• EXERCISE DETAILS:
Return the data below exactly, please, but drop the pictures.

• DATA SECTION:
────
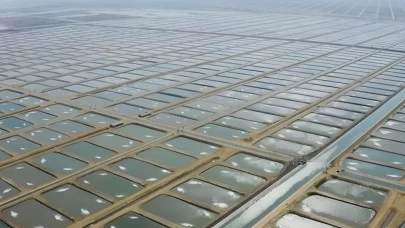 Adana’da dev yatırım: Avrupa'nın ve Türkiye'nin ilk 'Su Ürünleri OSB’si Kuruldu!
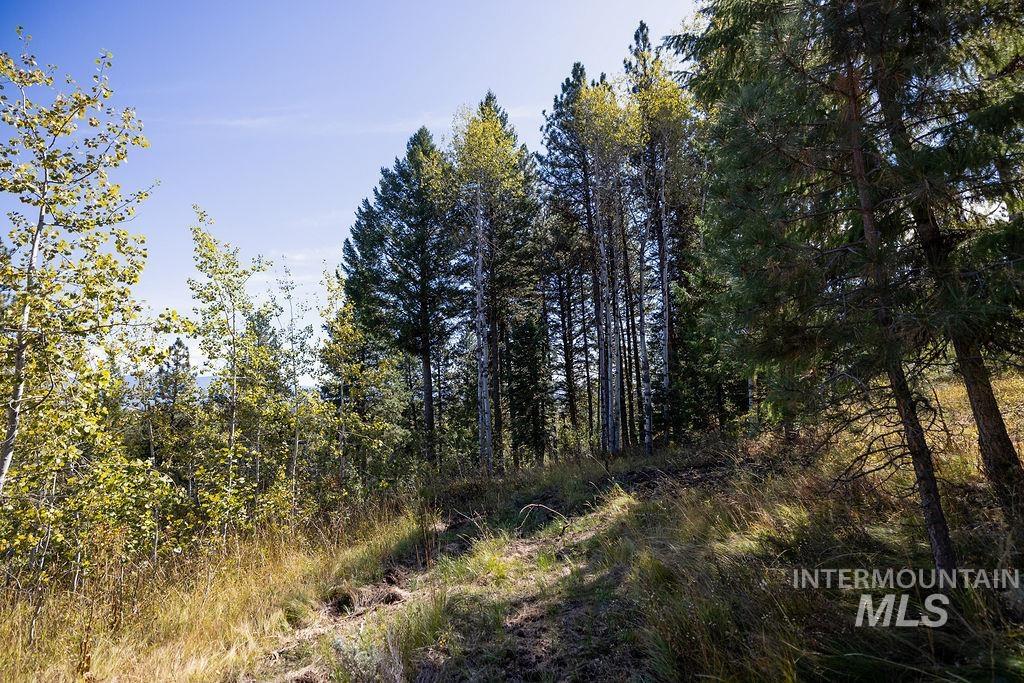 352 Blackhawk Lake Dr, McCall, Idaho 83638, Land For Sale, Price $450,000, 98979409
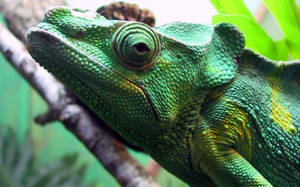 Majestic Green Iguana Perched On A Tree Branch Wallpaper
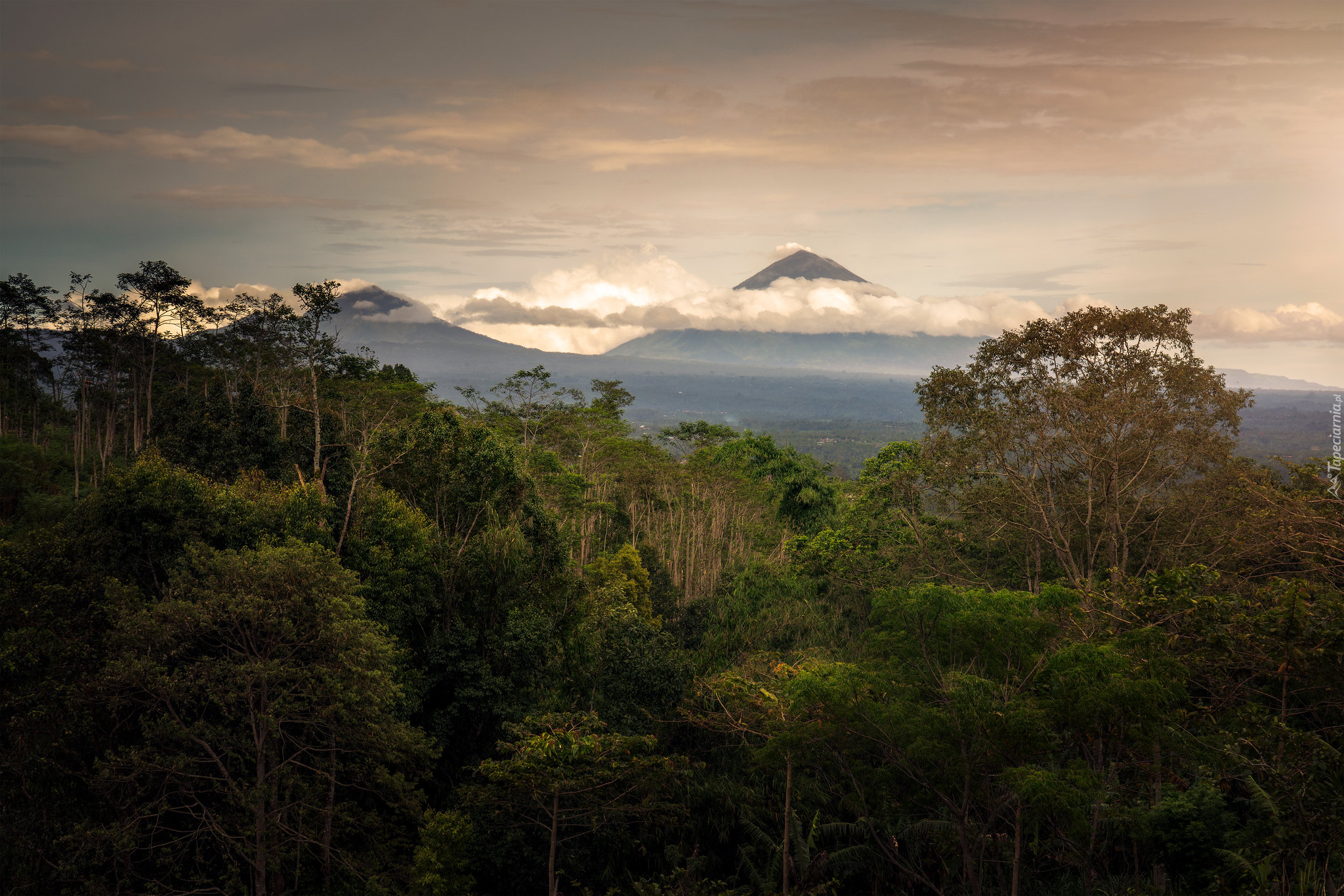 Las, Drzewa, Góry, Bali, Indonezja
────
• SOLUTION TO THE PROBLEM:
 Adana’da dev yatırım: Avrupa'nın ve Türkiye'nin ilk 'Su Ürünleri OSB’si Kuruldu!
 352 Blackhawk Lake Dr, McCall, Idaho 83638, Land For Sale, Price $450,000, 98979409
 Majestic Green Iguana Perched On A Tree Branch Wallpaper
 Las, Drzewa, Góry, Bali, Indonezja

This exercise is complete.